On 07/17/17 at 11:45 am, Staff L stated there should not be narcotic medications in the private side medication room when no patients were present and the count sheets in the drug room did not record before and after counts of doses available and could not account for the discrepancy.

INFECTION CONTROL PROGRAM

Tag No.: A0749

Based on observation and interview, the hospital did not develop a system for identifying, reporting, investigating and controlling infections of patients and personnel.

Findings:

Surveyors observed the following during a tour of the facility on 07/17/17:
A. Three staff members wearing shoe covers outside the operating room suite
B. Corregated boxes in the surgical storage area
C. Jugs on the floor in the surgical storage area
D. Freezer temperature logs in the Dietary department did not indicate an acceptable temperature range

Observed on 07/25/17, a staff member carried an unwrapped, used LMA (laryngeal mask airway) from the operating room to the decontamination room.

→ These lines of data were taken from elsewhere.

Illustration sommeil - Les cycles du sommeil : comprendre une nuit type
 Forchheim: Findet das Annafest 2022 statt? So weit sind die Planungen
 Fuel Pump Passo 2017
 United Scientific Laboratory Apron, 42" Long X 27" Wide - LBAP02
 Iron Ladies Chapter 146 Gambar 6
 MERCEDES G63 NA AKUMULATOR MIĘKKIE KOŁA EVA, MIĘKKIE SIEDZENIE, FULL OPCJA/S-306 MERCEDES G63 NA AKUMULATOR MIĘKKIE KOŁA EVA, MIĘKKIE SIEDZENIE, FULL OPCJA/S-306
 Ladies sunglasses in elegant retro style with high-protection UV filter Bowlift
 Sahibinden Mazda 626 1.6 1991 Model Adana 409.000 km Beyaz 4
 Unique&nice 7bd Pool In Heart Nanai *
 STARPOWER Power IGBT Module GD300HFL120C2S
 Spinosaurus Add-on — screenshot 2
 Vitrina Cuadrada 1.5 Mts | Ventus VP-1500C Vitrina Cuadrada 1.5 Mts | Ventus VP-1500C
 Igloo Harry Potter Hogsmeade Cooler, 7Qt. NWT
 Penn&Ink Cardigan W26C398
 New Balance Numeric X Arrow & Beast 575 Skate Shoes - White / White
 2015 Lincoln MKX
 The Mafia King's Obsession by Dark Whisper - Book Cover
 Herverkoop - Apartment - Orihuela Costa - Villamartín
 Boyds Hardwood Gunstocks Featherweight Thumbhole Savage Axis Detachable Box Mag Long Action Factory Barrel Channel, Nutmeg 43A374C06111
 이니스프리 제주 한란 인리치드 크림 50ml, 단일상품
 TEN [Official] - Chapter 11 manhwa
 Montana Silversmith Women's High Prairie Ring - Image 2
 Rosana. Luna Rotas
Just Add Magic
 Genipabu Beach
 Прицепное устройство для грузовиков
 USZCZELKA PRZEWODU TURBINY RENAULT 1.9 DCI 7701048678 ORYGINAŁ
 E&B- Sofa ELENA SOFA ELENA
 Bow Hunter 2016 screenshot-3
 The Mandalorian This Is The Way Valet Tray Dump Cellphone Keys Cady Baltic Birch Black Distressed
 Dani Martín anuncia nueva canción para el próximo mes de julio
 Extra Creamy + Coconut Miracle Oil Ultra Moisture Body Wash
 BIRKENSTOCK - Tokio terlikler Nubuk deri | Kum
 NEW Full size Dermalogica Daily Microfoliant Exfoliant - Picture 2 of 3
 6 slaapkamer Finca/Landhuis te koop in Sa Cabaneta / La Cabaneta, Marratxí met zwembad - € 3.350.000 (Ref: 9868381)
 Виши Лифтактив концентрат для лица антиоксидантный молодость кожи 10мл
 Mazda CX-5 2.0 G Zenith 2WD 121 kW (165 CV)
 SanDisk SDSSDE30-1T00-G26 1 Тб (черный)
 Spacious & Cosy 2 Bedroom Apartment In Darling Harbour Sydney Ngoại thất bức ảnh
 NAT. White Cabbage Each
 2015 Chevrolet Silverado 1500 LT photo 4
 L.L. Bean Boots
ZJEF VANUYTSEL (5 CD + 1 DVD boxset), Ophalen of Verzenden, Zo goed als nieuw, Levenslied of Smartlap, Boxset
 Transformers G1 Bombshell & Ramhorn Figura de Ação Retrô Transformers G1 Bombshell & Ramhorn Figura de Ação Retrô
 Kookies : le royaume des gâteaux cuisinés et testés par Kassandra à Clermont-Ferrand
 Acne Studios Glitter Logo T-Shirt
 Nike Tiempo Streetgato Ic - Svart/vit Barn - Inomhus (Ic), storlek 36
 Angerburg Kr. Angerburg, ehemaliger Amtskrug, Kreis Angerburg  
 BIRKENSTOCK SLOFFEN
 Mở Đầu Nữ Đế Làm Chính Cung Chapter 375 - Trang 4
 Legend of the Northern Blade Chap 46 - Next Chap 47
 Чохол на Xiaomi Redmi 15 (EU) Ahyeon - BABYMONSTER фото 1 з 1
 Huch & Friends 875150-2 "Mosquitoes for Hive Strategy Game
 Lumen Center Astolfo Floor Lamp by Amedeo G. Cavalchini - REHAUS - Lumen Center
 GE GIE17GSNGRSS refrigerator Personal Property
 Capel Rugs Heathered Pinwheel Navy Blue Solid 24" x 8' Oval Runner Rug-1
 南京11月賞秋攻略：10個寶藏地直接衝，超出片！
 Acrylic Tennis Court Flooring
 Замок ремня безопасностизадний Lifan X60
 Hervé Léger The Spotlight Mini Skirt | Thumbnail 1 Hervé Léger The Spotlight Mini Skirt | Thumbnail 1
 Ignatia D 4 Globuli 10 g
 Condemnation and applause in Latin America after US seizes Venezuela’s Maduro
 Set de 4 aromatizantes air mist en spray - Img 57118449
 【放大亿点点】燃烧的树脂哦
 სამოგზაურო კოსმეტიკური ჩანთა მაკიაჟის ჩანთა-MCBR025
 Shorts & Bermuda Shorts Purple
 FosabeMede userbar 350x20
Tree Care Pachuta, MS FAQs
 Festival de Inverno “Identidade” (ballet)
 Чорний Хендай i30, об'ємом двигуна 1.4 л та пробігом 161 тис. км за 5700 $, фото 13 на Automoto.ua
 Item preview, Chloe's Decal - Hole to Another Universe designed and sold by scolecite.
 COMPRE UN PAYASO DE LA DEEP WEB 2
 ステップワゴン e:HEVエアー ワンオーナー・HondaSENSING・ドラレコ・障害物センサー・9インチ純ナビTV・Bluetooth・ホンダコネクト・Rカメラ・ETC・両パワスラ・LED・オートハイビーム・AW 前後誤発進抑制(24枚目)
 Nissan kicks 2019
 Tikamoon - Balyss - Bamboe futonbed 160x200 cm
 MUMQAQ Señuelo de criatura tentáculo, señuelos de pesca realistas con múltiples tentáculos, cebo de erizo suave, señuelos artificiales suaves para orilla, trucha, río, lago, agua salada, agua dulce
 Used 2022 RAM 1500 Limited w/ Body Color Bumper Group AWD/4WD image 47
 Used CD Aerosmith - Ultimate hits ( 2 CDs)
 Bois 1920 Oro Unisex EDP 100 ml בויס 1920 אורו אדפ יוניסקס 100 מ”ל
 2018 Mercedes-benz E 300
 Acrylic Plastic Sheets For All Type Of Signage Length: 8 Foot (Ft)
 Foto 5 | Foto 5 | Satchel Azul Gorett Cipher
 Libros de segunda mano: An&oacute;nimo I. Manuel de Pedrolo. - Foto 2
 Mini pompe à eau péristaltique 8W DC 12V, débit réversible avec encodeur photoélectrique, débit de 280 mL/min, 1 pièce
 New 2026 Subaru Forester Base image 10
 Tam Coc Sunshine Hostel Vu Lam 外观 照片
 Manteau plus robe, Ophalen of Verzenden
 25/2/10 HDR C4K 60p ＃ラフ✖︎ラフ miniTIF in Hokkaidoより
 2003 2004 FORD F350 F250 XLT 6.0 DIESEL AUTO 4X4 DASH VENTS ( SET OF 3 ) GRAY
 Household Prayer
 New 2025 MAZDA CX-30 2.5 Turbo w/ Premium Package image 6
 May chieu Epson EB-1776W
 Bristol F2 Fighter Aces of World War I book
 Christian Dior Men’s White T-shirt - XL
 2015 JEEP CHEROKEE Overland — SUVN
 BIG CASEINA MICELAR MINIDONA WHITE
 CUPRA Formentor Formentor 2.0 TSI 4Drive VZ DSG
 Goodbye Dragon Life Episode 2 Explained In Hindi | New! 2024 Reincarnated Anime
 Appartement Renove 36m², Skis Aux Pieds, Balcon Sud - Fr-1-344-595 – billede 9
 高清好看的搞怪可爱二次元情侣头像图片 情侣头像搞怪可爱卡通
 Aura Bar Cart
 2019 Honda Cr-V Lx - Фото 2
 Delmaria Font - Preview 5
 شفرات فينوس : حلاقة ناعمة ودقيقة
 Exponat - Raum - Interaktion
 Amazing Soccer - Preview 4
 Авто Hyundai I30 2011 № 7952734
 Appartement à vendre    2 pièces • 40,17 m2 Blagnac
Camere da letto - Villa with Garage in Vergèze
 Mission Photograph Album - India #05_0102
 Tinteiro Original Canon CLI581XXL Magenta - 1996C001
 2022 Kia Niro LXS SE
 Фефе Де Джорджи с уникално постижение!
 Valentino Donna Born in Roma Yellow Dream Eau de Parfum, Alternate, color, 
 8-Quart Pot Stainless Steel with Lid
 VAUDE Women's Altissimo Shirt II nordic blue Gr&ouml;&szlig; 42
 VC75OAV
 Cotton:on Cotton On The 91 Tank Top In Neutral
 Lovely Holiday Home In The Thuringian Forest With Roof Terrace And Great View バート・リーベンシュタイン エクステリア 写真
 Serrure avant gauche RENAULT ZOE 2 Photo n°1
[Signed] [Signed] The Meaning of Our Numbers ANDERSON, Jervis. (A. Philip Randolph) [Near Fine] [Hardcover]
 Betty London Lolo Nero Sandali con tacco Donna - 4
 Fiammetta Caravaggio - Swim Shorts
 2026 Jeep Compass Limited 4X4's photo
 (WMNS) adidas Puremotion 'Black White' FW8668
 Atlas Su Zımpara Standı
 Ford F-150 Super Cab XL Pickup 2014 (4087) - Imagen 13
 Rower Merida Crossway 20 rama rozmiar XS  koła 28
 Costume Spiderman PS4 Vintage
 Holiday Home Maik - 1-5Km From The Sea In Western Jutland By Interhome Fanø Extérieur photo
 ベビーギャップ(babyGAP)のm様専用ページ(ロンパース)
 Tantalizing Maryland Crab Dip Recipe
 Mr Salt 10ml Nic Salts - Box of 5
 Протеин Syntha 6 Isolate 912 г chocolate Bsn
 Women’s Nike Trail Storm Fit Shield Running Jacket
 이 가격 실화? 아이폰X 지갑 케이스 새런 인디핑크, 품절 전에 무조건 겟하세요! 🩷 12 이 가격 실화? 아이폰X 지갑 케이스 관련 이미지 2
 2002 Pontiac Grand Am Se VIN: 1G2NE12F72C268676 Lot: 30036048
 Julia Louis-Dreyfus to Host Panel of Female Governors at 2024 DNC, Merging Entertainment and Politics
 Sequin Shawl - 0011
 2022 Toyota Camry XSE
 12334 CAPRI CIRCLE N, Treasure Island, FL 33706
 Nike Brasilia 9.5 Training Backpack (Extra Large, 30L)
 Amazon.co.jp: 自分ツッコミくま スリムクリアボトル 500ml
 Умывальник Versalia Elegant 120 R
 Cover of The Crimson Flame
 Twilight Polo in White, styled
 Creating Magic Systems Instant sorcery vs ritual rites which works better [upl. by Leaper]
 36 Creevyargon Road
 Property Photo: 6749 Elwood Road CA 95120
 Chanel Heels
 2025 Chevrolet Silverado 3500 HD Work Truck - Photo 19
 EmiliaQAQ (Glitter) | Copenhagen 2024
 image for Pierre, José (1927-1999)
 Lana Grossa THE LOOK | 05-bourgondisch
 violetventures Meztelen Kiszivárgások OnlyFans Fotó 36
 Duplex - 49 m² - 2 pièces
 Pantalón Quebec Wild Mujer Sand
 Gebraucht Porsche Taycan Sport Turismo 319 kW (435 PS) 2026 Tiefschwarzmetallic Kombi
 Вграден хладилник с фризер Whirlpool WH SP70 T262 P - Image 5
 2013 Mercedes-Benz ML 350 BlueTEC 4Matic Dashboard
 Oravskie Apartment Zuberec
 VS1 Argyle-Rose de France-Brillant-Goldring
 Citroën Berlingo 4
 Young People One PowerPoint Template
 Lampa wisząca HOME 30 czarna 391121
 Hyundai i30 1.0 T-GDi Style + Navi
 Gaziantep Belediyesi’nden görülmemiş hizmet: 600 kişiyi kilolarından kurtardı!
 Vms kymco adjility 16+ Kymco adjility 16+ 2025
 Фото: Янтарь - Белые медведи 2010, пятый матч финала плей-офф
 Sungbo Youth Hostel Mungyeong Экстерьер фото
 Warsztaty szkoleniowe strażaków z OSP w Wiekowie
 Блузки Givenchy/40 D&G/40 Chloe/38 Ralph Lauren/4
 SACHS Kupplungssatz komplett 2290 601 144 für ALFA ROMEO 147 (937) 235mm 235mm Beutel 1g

On 07/24/17, Staff H stated she agreed with findings.

DOCUMENTATION OF EVALUATION

Tag No.: A0812

Based on record review and interview, the hospital failed to ensure discharge planning evaluations were included in the medical record for 19 (Patients #2-20) of 20 records reviewed.

This failed practice had the potential to affect all patients requiring assistance after discharge due to the lack of information to establish an effective discharge plan.

Findings:

Patients #2-20

During a review of clinical records, documentation showed no discharge planning assessments were included in the clinical records.

On 07/24/17 at 1:05 pm, Staff H stated the discharge planning assessments were not kept in the clinical record and was unable to provide any completed assessments for review.